En rout they find an ejector seat, and the man explains that he was Patrick Baxter, first man on Carpathia, and after his freakout he ended up here with broken legs. A Golden Retriever showed up and got him wood to splint his legs and convinced him to go on. He survived for 11 years, and now that he’s dying, he wanted people to be with him when the end came.
When they finally get to the ocean, he says he’ll lead them to some bodies, but then he wanders off, accompanied by his dog (Who Fleur and Cass can’t see), staggers into the surf, and dies.

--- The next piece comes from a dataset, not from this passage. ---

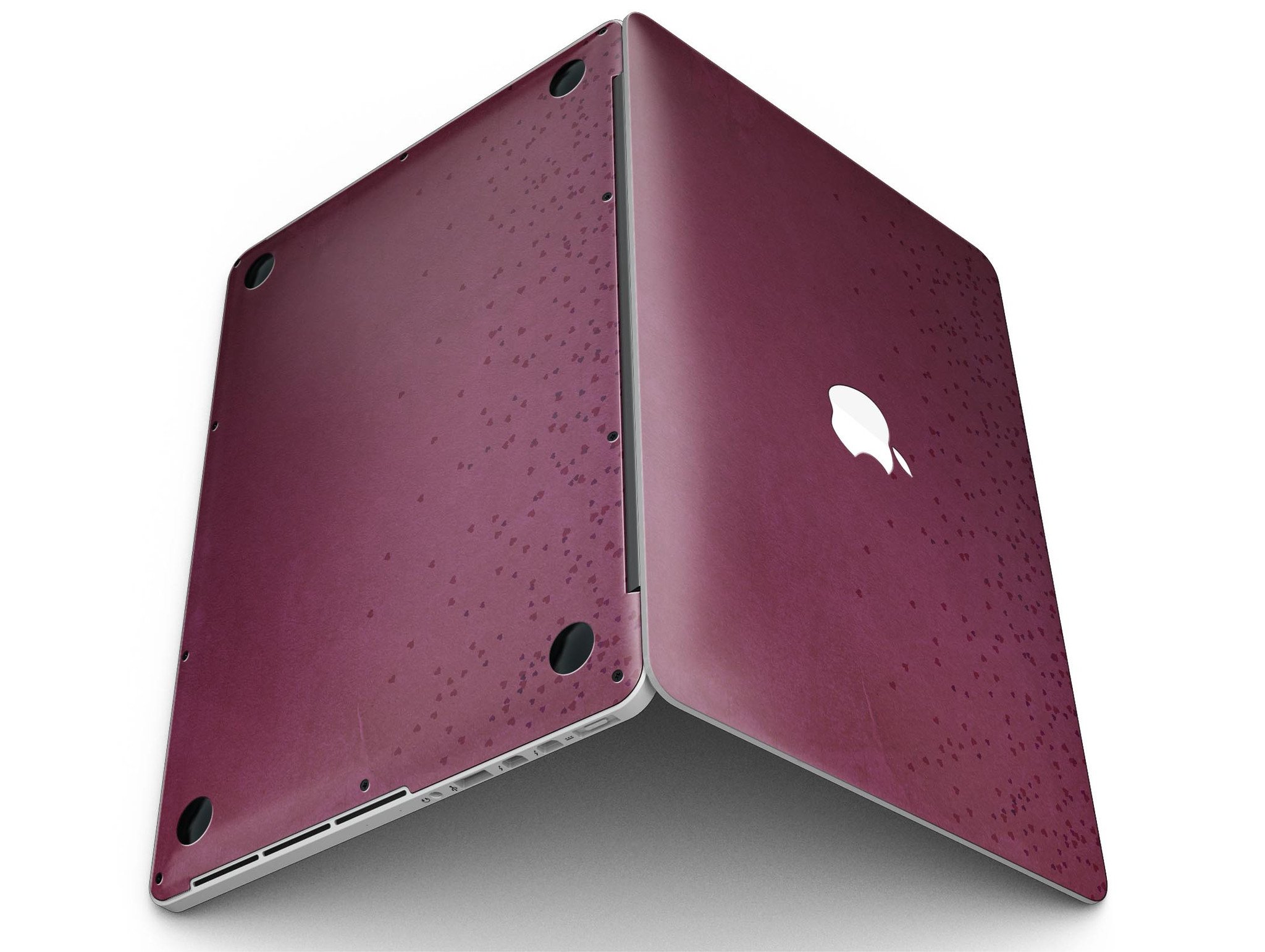 A MacBook Pro with Retina Display covered in a stylish 50 Shades of Burgundy Micro Hearts skin, showcasing intricate heart patterns.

MEANWHILE, back at Fort Haven, everyone’s got the diamond greed, and it’s causing all those people who don’t do anything all day long to behave in…uhm…a manner where….uhm…they do stuff….which…I guess is bad…or something. Seriously: we’re supposed to believe that Fort Haven is barely hanging on, and this greed is endangering their survival, but since we’ve never seen any sense of industry - or even seen a farm - it’s not very believable. Everyone just seems to be kinda’ sitting around doing nothing all the time, as we’ve discussed. As one of our readers pointed out, it’s much like the 40 or so survivors from Lost who just wandered around on the beach for 4 years, doing nothing.

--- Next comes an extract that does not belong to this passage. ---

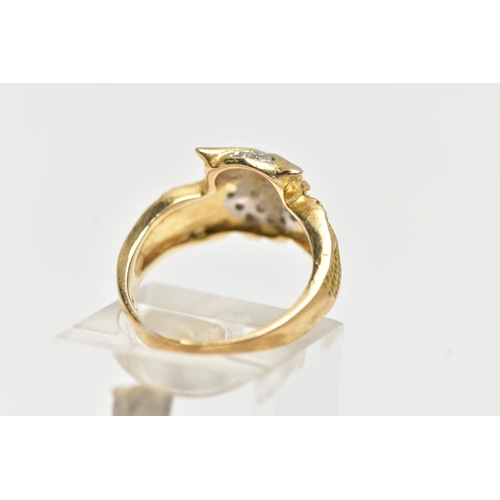 49 - A YELLOW METAL GEM SET RING, in the form of an owl with spread wings, the body is set with single cu...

Tate, Tipper, and Julius are pretty upset about the whole greed thing and the nascent capitalism it might engender, and in fact Julius attempts to use it to make a power play. He addresses the colony about their greed. It’s not a very good speech. He also tells Tate that he wants to be a senior councilman and get basically a job in charge of a ministry or government department: Nebulously defined as “Public welfare.” Tate says he’ll oppose this. Julius says he’s popular enough in the council to go over Tate’s veto, but Tate says he won’t make it easy for Julius.
MEANWHILE, the Boss Cop Lady and Jack have figured out that the old coot was Patrick Baxter, and head out to find him and Fleur and Cass, and also to see the Sea because Boss Cop Lady just kinda’ wants to. There’s some guff about finding out where Life on Carpatia began, but mostly she just wants to. There’s a tedious dustup with the Rude Boys that they get through with a loss of only one redshirt, and they make their way to the ocean, where they meat up with Fleur and Cass.
There they discover human skeletons of a man, woman, and child. These are not fossils, and reasonably recent. Not particularly yellowed, either, which means (On earth anyway) they’d be a decade or less old. They leave the bones (Why?) and head home.
MEANWHILE, back at Fort Haven, Dr. Smith calls Aoleus 14 Umbra…oh, excuse me: Julius calls a transport ship in deep space, telling them Tate has failed in his mission, but that he (Julius) will overthrow Tate and have things in order when the ship arrives.